(Input material Opens)

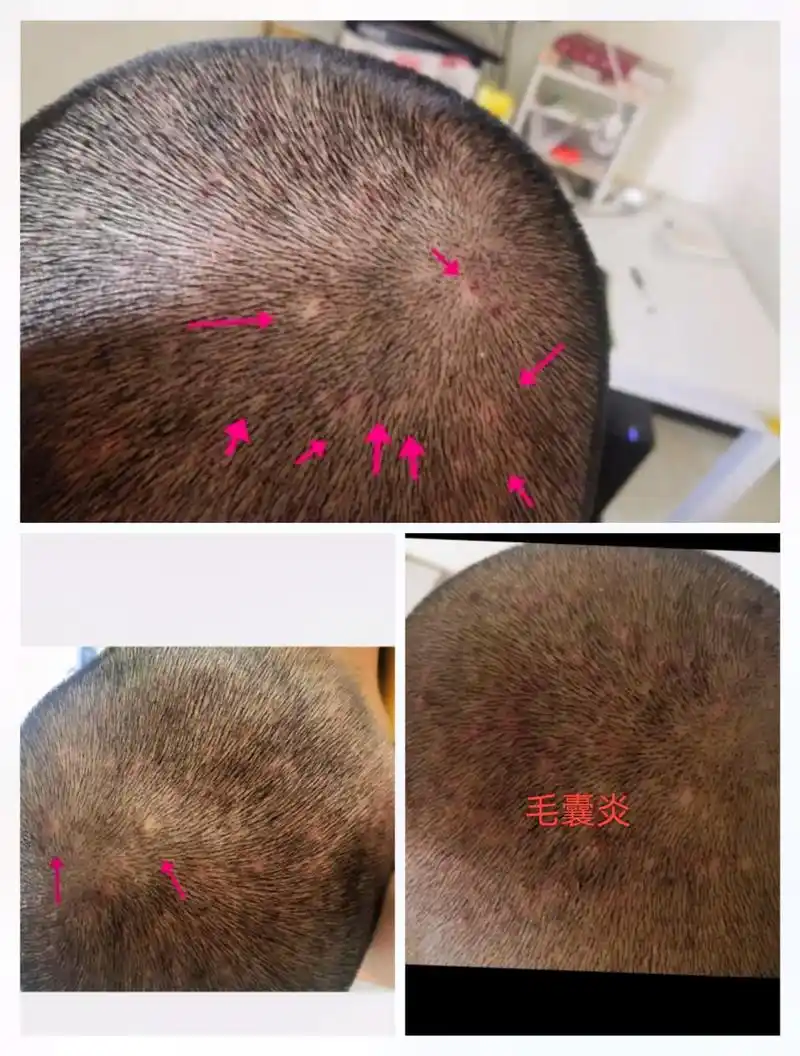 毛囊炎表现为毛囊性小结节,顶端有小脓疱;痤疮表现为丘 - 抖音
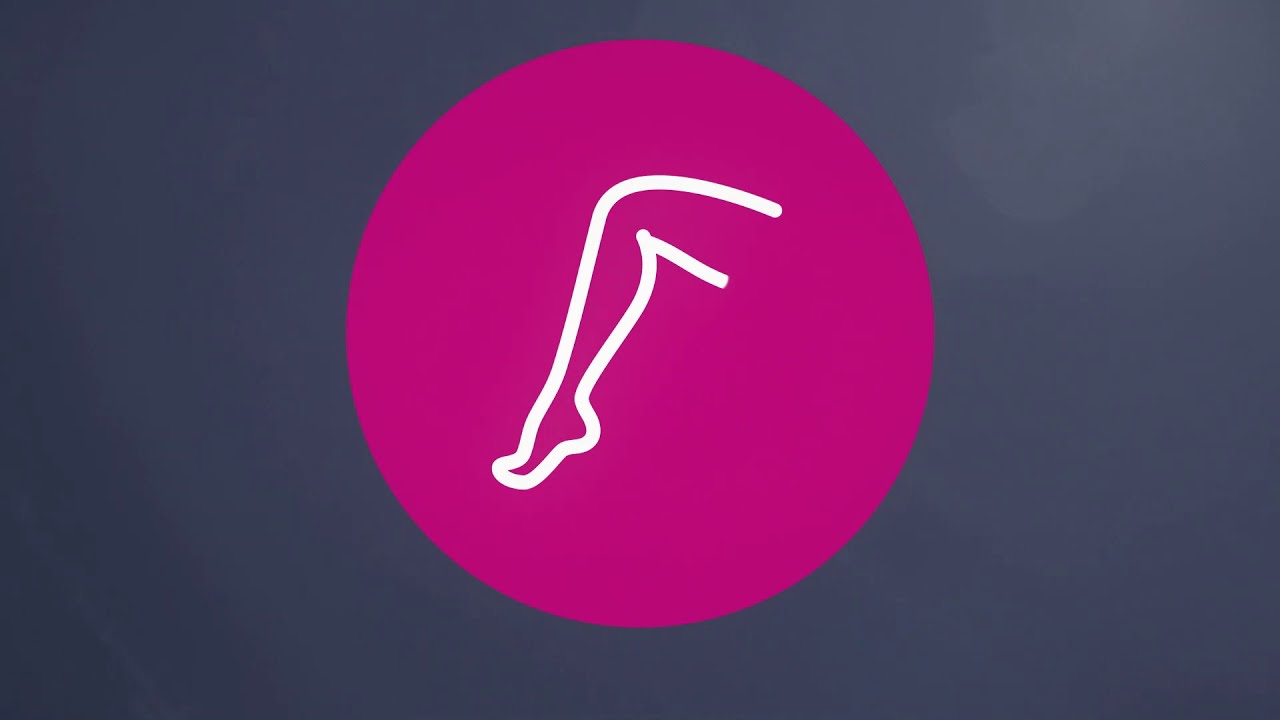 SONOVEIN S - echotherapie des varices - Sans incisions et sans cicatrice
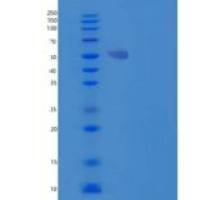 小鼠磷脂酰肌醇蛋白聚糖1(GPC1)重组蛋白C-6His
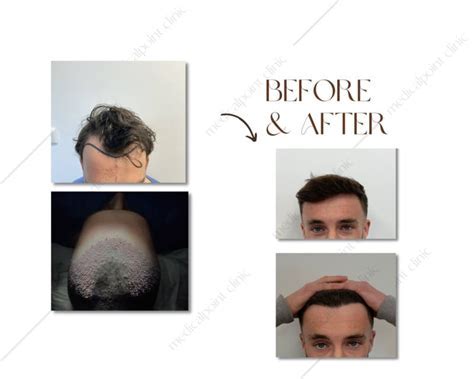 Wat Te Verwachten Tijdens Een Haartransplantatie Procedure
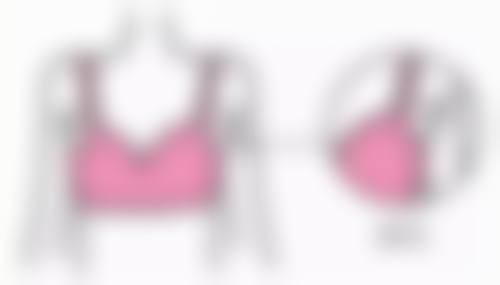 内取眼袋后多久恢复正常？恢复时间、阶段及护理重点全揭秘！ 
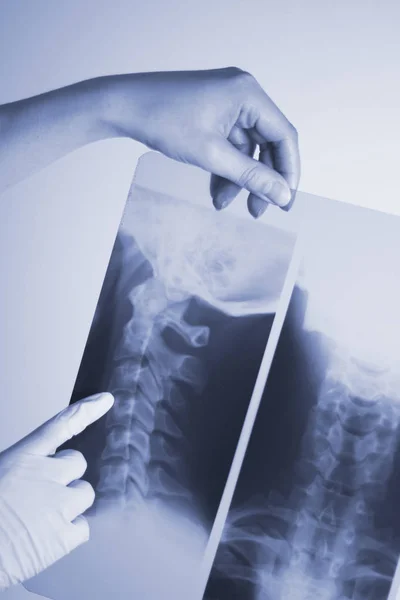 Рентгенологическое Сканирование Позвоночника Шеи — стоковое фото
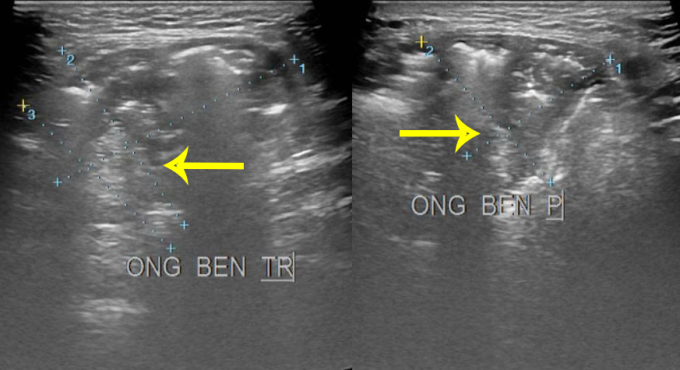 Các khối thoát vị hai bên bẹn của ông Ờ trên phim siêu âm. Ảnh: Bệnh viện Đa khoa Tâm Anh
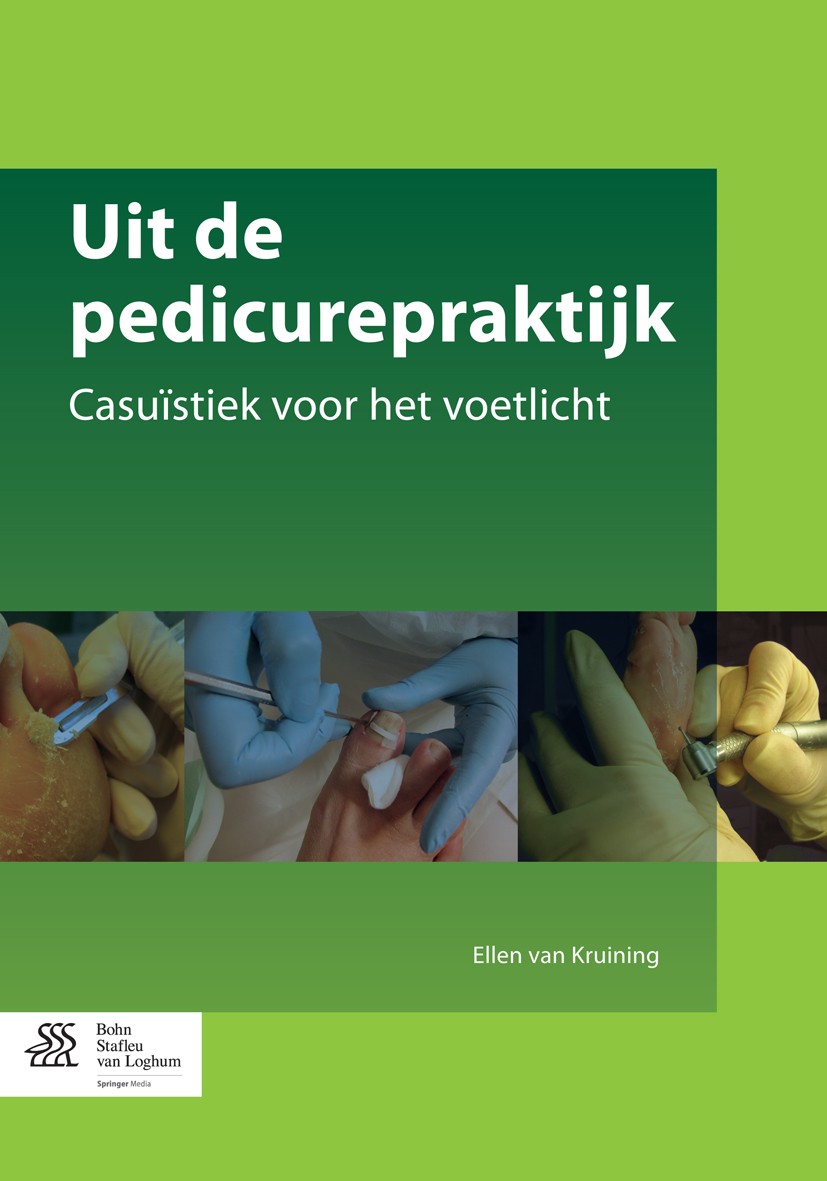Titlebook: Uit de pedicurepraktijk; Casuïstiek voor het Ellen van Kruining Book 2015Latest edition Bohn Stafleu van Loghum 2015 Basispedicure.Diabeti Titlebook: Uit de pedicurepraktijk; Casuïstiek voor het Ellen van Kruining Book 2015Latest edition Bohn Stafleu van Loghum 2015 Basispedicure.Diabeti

(Input material Closes)

What is being asked = Give back exactly the lines from the top of the records to the line containing "Các khối thoát", both included, and no pictures.

Answer section =
 毛囊炎表现为毛囊性小结节,顶端有小脓疱;痤疮表现为丘 - 抖音
 SONOVEIN S - echotherapie des varices - Sans incisions et sans cicatrice
 小鼠磷脂酰肌醇蛋白聚糖1(GPC1)重组蛋白C-6His
 Wat Te Verwachten Tijdens Een Haartransplantatie Procedure
 内取眼袋后多久恢复正常？恢复时间、阶段及护理重点全揭秘！ 
 Рентгенологическое Сканирование Позвоночника Шеи — стоковое фото
 Các khối thoát vị hai bên bẹn của ông Ờ trên phim siêu âm. Ảnh: Bệnh viện Đa khoa Tâm Anh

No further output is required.